At his pro day Platel tested about how I would have expected to see. A 4.65 40-yard dash, and 7.39 3-cone drill tell the story of why Platel wasn’t drafted in 2022. His vertical of 37.5 inches, and 29.5 inch arms helped him attack the ball in the air with a lot of success, but it was his 16 reps in the bench press that made him a great fit for this defense. This showed his playing strength and displayed the traits necessary to play press coverage whether lined up inside or outside. Platel could be a player who long-term can develop his instincts, and press coverage abilities enough to hide his lack of top flight speed.
After college Platel went undrafted but was signed by the Pittsburgh Steelers after a try-out. Last preseason he managed 7 tackles and 1 pass deflection in 3 games and the Steelers liked what they saw. After a full season with Pittsburgh he was released in mid March. If the Stars wanted to pick the perfect replacement for Stribling, Platel might be that player.
Rushing Attack Gets a New Face
Jamyest Williams is an interesting player. Originally recruited to South Carolina after ranking as the third best cornerback in the country, he actually played three and a half seasons on defense.
With South Carolina he had 86 tackles, 3 pbu’s, 3 ints, but didn’t have a single offensive touch. After the 2019 season, Williams transferred to Georgia State, originally to play defense once again. It wasn’t until midway through 2020 that he was moved to running back. He IMMEDIATELY made an impact, averaging 5.4 yards per carry, on 47 carries, adding 8 receptions for 77 yards, 1 kick return for 17 yards, as well as 4 tackles and 1 forced fumble.
In 2021 he had a career season and showed what he could do with a lions share of the touches. He went on to have 129 offensive touches for 878 yards and 9 touchdowns. This amounted to an average of 6.8 yards per touch. In 2022 he had only 85 carries for 447 yards, and 2 touchdowns, and 4 receptions for 27 yards. While adding 4 punt returns and 2 kick returns for 49 yards.
Williams Packs a Punch, Albeit in a Smaller Package
While Williams will not be mistaken for Colburn anytime soon, he does run with similar power. Stars fans stop me if you’ve heard a scouting report like this before: “Patiently waits for blocks to develop, finds the running lanes, and has a burst through the hole.

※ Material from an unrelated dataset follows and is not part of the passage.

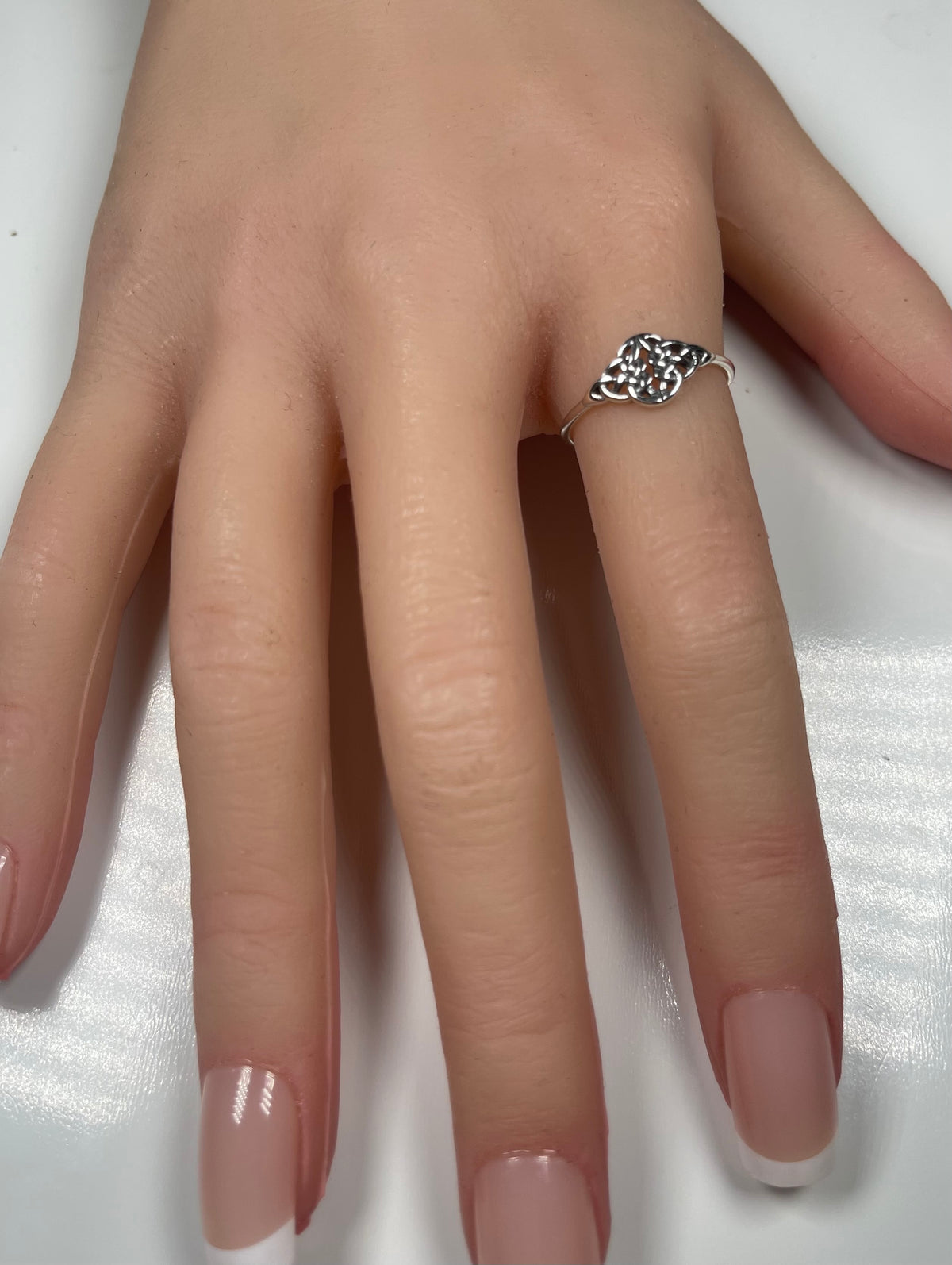 Celtic Knot Ring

Quick-footed, easily bounces around the corner and displays the ability to make defenders miss. Plays faster than his 40-time, consistently runs north-south and creates yardage. Multi-cut ball carrier who will pick and choose his spots on the inside.” –Profootballnetwork.com
His 40-yard dash and 3-cone drill weren’t what you would expect after watching his highlights, but then you see he has a 36 inch vertical and put up 17 reps in the bench and it starts to make more sense. Williams is a power runner in a smaller package, he isn’t the fastest back on the planet but he has great burst and the strength to fight through arm tackles or hold up in pass protection.

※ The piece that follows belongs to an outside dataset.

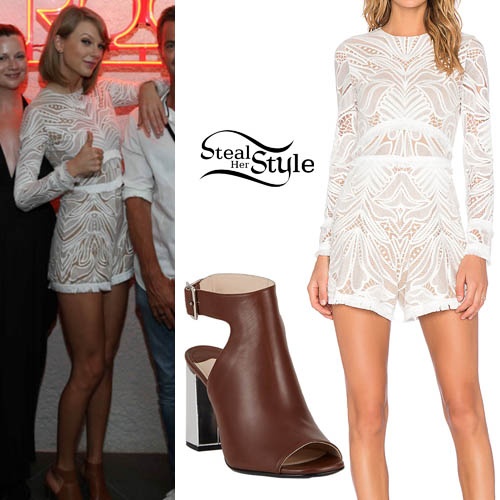 Taylor Swift diện romper ảnh 8 Taylor Swift dien romper anh 8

(Morry Gash, Associated Press)
Williams attended a rookie minicamp with the Packers but didn’t stick long, but now gets a short term audition in the USFL hoping to reignite his NFL interest. This seems to be a growing trend around the league as more and more rookies sign USFL contracts as the weeks go by. With only four weeks remaining it will be interesting to see if this trend continues.